> _Material for this task_
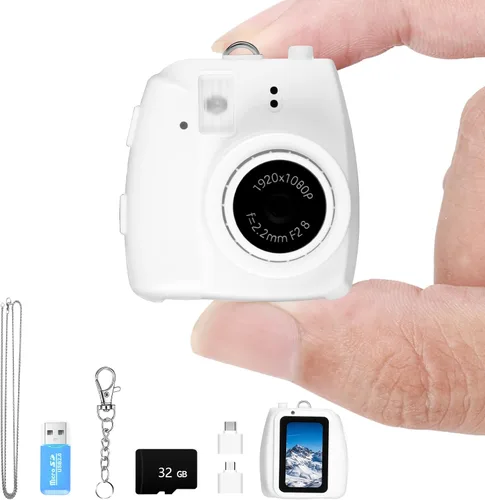 Miniatura 13 de Mini cámara con llavero, FHD 1080p 8MP Mini cámara digital con tarjeta SD de 32 GB, pantalla HD de 0.96 pulgadas, duración de la batería de 100 Negro
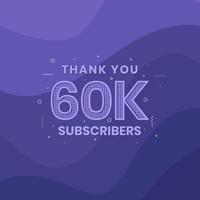 Thank you 60000 subscribers 60k subscribers celebration. vector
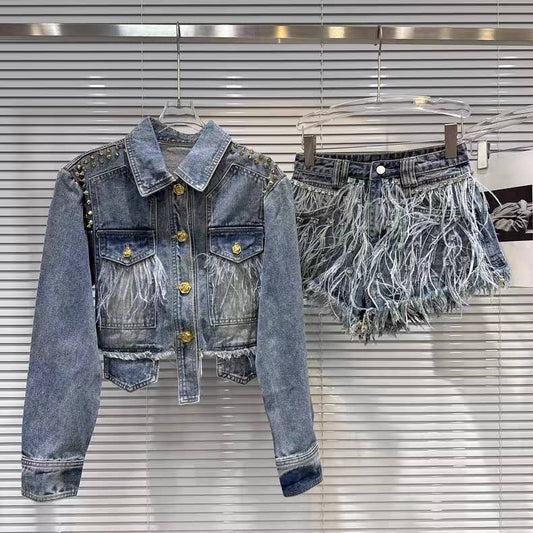 61Y Handmade Rivet Denim Jacket with Feather Beaded Shorts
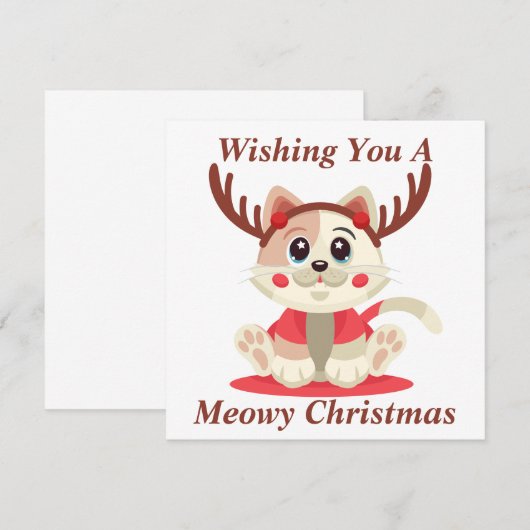 Meowy kerstkaart bedankkaart (Voorkant / Achterkant)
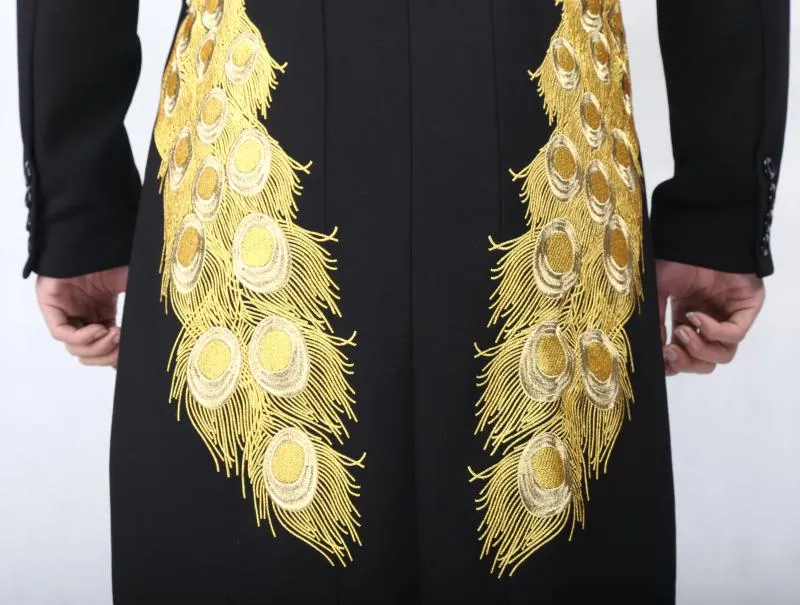 Peacock Embroidery Long Tail Blazer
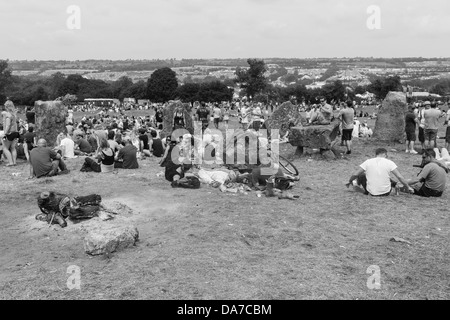 Der Steinkreis auf dem Glastonbury Festival 2013, Somerset, England, Vereinigtes Königreich. Stockfoto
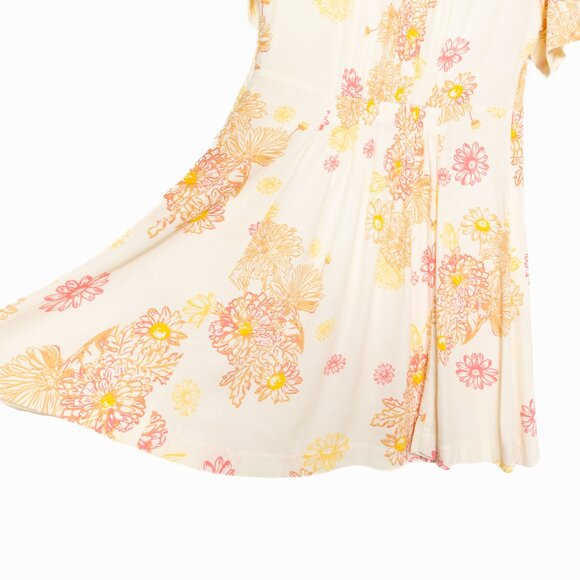 Free People Hawaii Viscose Retro Floral Collared Short Sleeve Mini Dress - M - Picture 6 of 16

> _Goal of the exercise_
Could you reproduce every record above exactly, leaving out any pictures?

> _Written reply_
 Miniatura 13 de Mini cámara con llavero, FHD 1080p 8MP Mini cámara digital con tarjeta SD de 32 GB, pantalla HD de 0.96 pulgadas, duración de la batería de 100 Negro
 Thank you 60000 subscribers 60k subscribers celebration. vector
 61Y Handmade Rivet Denim Jacket with Feather Beaded Shorts
 Meowy kerstkaart bedankkaart (Voorkant / Achterkant)
 Peacock Embroidery Long Tail Blazer
 Der Steinkreis auf dem Glastonbury Festival 2013, Somerset, England, Vereinigtes Königreich. Stockfoto
 Free People Hawaii Viscose Retro Floral Collared Short Sleeve Mini Dress - M - Picture 6 of 16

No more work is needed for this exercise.